Crashes when trasferring large folders
#1
Hey! Since I have gotten my RockPro64 to use as a NAS, I have constantly experienced crashes when transferring large folders (mostly game files). A particular example which always causes crashes is my modded ARK install, spanning 160GB in 110000 files and 8000 folders.

When transferring said folder over rsync, both local or over the network, one of the next cases appears about 2-10 GB into the download:
  • rsync crashes and the download stops (this sometimes shows a message in the kmsg about hung processes)
  • the kernel throws an "Oops", which seems to be always different although I do not have the skills to debug it
  • the kernel just panics
  • the entire system just freezes up, with no panic or other indication visible on my HDMI monitor
  • the entire system just resets

When trying to rule down the problem, I found out that
  • it's not a filesystem problem, it occurs on  btrfs, ext4, zfs on linux and zfs on freebsd
  • it's not a hard drive problem, I tested two HDDs and one SSD
  • it's not a SATA controller problem, it occurs both on my PCIe card and on a USB adapter
  • it's not a network card problem, running iperf for long periods of time is fine
  • it's probably not a ram problem, I ran `memtest` with the highest value I could give it and I ran a MemTest86 test
  • it's not a linux distro (I was using Debian 11 and 12) problem or a linux kernel problem, the issues occur in a similar manner on FreeBSD
  • it's not a problem with my laptop's hard drive (or with the files, whatever that may be), I can transfer the folder onto different x86 machines

The issue mostly appears when transferring computer games.
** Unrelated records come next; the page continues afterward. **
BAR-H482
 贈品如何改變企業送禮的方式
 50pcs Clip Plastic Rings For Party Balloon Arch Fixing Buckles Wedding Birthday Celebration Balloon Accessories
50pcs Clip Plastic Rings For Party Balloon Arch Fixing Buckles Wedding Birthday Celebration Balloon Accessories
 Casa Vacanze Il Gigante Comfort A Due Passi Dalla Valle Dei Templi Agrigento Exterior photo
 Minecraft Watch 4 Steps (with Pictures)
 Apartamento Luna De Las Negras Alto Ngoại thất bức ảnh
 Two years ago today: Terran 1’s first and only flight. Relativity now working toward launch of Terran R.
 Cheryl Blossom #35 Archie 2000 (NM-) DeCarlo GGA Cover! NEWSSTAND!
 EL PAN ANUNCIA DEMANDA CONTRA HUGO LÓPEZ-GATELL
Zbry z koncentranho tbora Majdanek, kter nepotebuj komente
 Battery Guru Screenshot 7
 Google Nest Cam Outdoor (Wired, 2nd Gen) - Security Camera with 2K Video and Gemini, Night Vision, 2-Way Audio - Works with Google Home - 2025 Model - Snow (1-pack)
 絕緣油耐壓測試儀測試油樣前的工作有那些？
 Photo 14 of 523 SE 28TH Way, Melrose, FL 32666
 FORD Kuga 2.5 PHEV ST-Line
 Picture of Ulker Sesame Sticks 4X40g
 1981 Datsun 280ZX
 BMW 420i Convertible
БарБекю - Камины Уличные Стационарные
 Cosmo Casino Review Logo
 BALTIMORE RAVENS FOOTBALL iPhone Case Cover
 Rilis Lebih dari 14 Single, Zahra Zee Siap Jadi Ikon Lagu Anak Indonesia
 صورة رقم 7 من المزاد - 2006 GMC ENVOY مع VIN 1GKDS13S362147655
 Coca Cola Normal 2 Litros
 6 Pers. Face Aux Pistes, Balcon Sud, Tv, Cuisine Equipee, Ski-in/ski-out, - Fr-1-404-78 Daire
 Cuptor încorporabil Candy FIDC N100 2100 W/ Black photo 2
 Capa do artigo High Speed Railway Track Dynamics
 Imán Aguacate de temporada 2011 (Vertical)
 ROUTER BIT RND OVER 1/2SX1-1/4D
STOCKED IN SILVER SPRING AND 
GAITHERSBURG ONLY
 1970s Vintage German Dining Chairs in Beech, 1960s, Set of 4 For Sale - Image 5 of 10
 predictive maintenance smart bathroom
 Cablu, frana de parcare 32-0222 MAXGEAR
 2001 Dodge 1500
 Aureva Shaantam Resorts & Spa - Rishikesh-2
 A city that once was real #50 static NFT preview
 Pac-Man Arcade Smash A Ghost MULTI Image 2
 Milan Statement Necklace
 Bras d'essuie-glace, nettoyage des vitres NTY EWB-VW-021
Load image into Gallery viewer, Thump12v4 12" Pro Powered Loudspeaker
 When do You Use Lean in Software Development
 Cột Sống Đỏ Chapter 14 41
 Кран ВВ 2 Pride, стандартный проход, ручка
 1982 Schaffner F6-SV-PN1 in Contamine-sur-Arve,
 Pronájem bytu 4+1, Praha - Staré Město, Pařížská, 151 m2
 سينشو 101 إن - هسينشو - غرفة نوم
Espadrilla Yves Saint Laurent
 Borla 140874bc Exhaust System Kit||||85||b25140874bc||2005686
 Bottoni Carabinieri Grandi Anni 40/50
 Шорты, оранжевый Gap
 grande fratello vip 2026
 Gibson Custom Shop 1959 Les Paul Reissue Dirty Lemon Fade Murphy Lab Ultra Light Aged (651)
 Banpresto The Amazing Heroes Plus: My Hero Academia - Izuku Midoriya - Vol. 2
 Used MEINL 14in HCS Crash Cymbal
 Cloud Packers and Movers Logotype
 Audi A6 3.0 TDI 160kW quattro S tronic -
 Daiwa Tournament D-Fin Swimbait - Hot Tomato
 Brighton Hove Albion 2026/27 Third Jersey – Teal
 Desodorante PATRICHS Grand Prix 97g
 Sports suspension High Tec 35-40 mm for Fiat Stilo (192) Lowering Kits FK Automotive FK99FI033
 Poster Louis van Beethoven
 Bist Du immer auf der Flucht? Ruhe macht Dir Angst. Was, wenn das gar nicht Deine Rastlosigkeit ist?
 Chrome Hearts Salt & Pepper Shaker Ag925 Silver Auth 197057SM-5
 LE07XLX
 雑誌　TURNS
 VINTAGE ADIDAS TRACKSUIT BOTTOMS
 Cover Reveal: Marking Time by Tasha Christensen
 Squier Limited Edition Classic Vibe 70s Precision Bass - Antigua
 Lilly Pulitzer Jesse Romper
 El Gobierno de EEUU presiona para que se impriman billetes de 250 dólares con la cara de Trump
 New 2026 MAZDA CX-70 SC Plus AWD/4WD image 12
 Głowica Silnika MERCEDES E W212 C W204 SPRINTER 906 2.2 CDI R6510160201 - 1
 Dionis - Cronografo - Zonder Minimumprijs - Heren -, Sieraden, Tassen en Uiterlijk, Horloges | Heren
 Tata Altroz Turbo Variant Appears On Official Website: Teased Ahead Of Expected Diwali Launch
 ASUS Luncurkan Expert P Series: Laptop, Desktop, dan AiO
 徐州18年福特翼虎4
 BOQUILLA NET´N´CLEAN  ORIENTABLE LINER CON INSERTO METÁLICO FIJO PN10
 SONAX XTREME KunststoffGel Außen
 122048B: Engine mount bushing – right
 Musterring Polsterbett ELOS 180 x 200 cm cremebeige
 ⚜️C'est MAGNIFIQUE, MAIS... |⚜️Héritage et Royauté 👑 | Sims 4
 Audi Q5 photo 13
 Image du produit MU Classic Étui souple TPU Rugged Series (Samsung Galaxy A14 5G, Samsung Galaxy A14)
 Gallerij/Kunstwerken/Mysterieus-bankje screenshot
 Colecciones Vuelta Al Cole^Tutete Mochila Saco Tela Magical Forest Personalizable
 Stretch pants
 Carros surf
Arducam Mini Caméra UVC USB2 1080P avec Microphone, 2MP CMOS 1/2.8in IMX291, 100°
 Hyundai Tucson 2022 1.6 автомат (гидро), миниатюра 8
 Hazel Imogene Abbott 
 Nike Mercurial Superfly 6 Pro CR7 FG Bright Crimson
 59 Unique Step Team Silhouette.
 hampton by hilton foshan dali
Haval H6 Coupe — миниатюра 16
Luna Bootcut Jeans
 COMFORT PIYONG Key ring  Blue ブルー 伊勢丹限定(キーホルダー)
The ARK folder never completed transferring, but some smaller (20-40GB) games did (although inconsistently) when transferred at lower speeds, e.g. over the network or to/from an HDD. I also tried to tar the folder, both on my laptop before transferring over the network, and locally when plugging the drive to the rockpro64. The system still experienced crashes.
Interestingly, I also tried sending my laptops /dev/urandom over netcat to the NAS, which never crashed it, not even after reaching the 100GB mark and at high speeds.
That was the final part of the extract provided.